4) Hierarchical latent states – This model also implements generalization through a latent state, but builds on the basic latent state model to hierarchically cluster contexts within latent states. This model was equivalent to the structure assumed a priori in our original submission (see schematic in Figure 1). Thus, this model builds on the latent state model but includes a distinct vector for contexts, as well as a matrix of contexts-by-categories. These contexts and context-category nodes are hierarchically nested within each latent state (e.g. contexts A1 and A2 are nested within latent state A). Thus, activation for each of these contexts and category nodes is inherited from activation of the latent states and latent state-category nodes. On each trial, activation in the current context increases at a rate of α₁², and in the current context-category at α₁³. Contexts linked to the current latent state also increase in activation according to α₁*α₂, as these contexts inherit mediated activation from the latent state. Categories nested in these contexts increase activation according to the rate α₁*α₂². Activation in all other latent states increases at a rate of α₃, contexts not linked to the current latent state increase at a rate of α₃², and their nested categories according to α₃³.

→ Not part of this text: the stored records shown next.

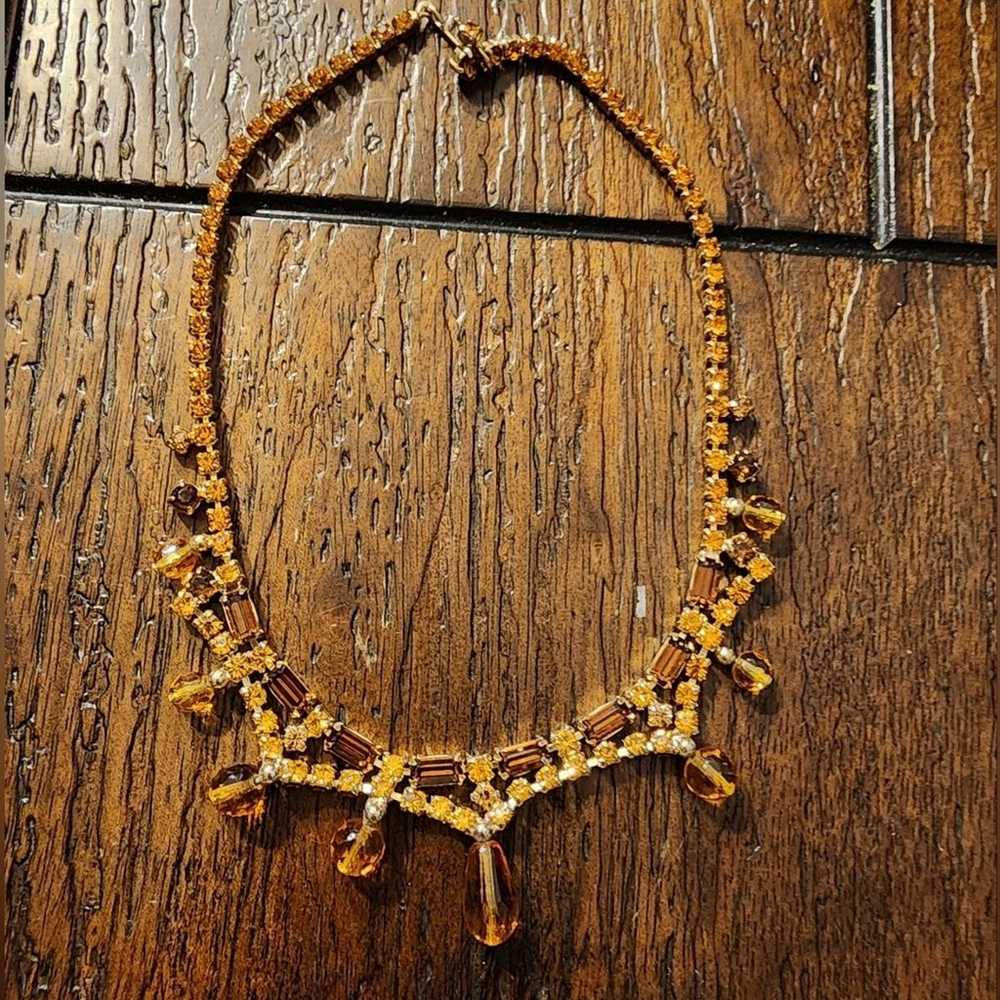 Vintage Amber and Rhinestone, bead 50's Necklace - image 1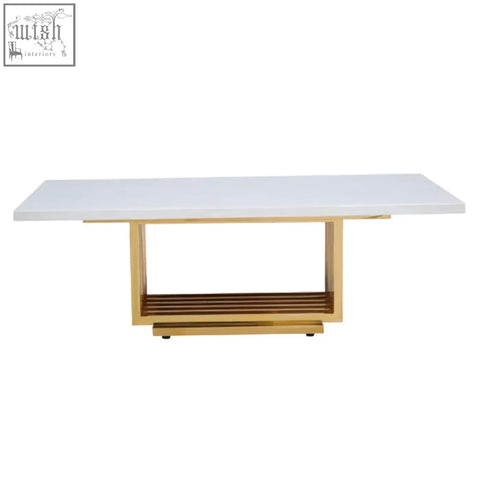 Modern rectangular marble coffee table with glossy ivory white top and gold finished metal frame with open shelf below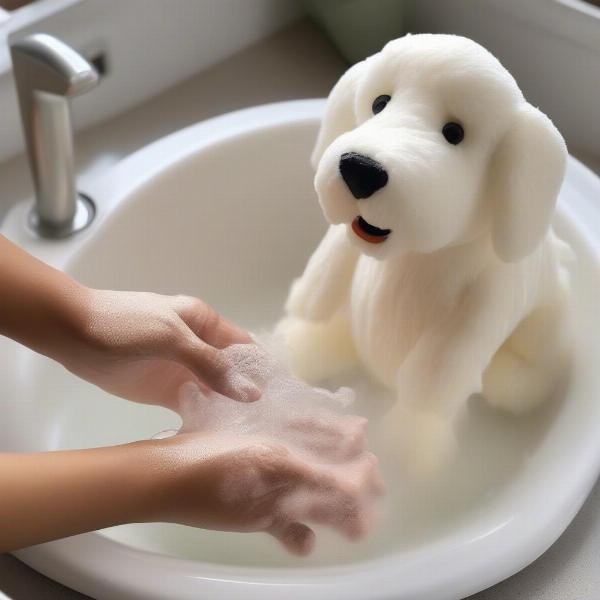 Cleaning a Large Soft Toy Dog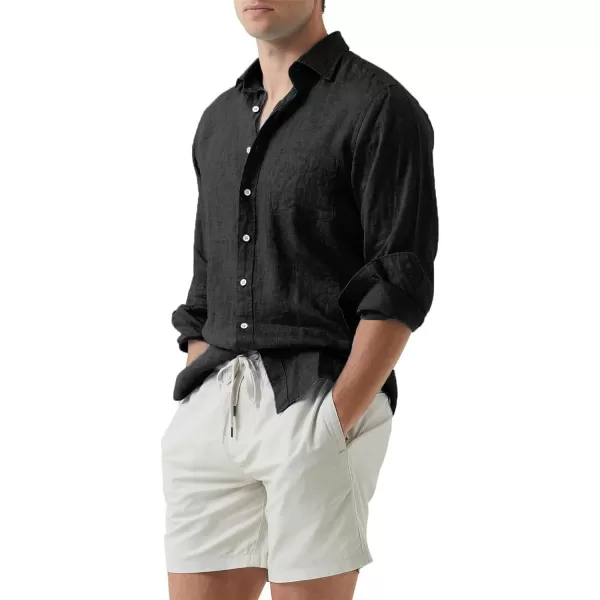 JMIERR Mens Cotton Linen Casual Stylish Button Down Shirt Long Sleeve Dress Shirts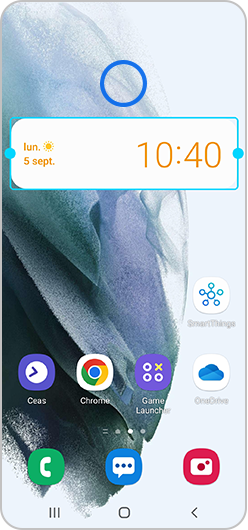 Atingeți spațiul din jurul casetei pentru a salva widget-ul pe smartphone-ul Samsung Galaxy.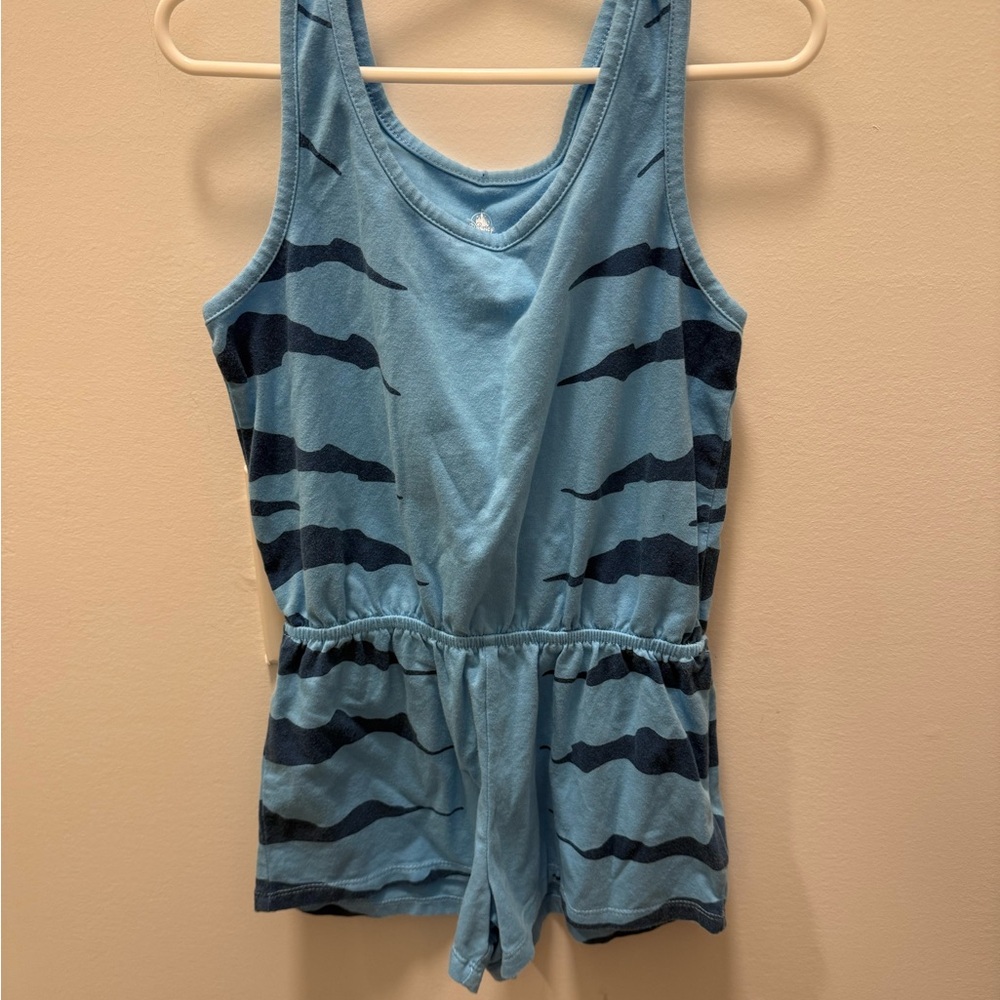 Disney Parks Girls Pandora Avatar Light Blue Striped One Piece Romper Size XS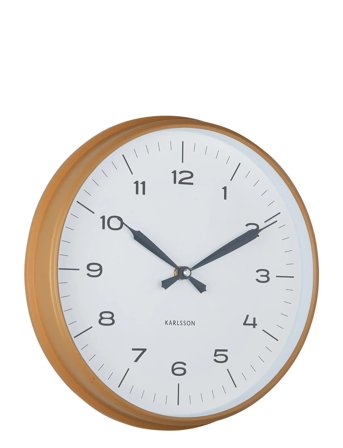KARLSSON Wall Clock Modern Factory Ochre Yellow W. Dark Blue - Orange - Ø 30 CM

For each model, predicted reaction times were calculated simply as the sum of the activation level in the current context (or latent state in case of the third model) and category, subtracted from the maximum asymptotic activation level for both combined. These values were then z-scored and compared to participants’ z-scored reaction times so that both model predictions and behavioral data were on the same scale. The fit of each of these models was calculated as the negative log-likelihood for a simple linear function. Only correct responses were included in this analysis, as the model assumes correct recovery of option values from memory on each trial. Across all 16 participants in the fMRI group, only 17 trials were errors in session 2, and thus accounted for a very small fraction of the data (0.6%). Parameters were optimized using the MATLAB function fmincon, with each model fit for each participant 30 times with random starting points in order to avoid convergence on local minima.

To test whether these models made substantially different reaction time predictions, we carried out a cross-model comparison using simulated data. We simulated data using the optimized parameters from each participant for each model. We then fit each model on these simulated data, in the same way as with participants’ behavioral data, to test if the generative model better fit the simulated data than the two alternatives (Figure 4 —figure supplement 1D). This analysis confirmed that these models made distinct predictions with little confusion between models.

To briefly summarize the results, the hierarchical latent state model provided the best fit to the reaction time data for a large majority of fMRI participants in sessions 1 (13/16) and 2 (12/16), as well as all of the behavioral participants who passed the generalization criterion in session 2 (N = 9; Table 1). We did not examine session 1 of the behavioral group, as they failed the generalization criterion in this session — and our models assumed retrieval of the correct response. We also did not examine data from session 3, as participants had already completed the same generalization task in session 2 and this session served only as a reminder.

Examining the data of fMRI participants in session 2 more closely, we found that, compared to the hierarchical latent state model, the associative retrieval models overestimated RT on category switch trials, likely because category-values associated with the current context only increased activation through mediated retrieval in these two models. In contrast, in the latent state models, these nodes inherited activation from direct retrieval of the latent state. However, the (non-hierarchical) latent state model primarily underestimated reaction times on the presentation of a second context, as this model did not have an independent representation of context from latent state and carried over this activation from the previously presented context. Thus, the hierarchical latent state model that maintained separate representations of contexts clustered around each latent state provided the best fit to these data as it was able to capture both category shifts and responses to the second context in line with participant behavior (see Figure 4—figure supplement 1).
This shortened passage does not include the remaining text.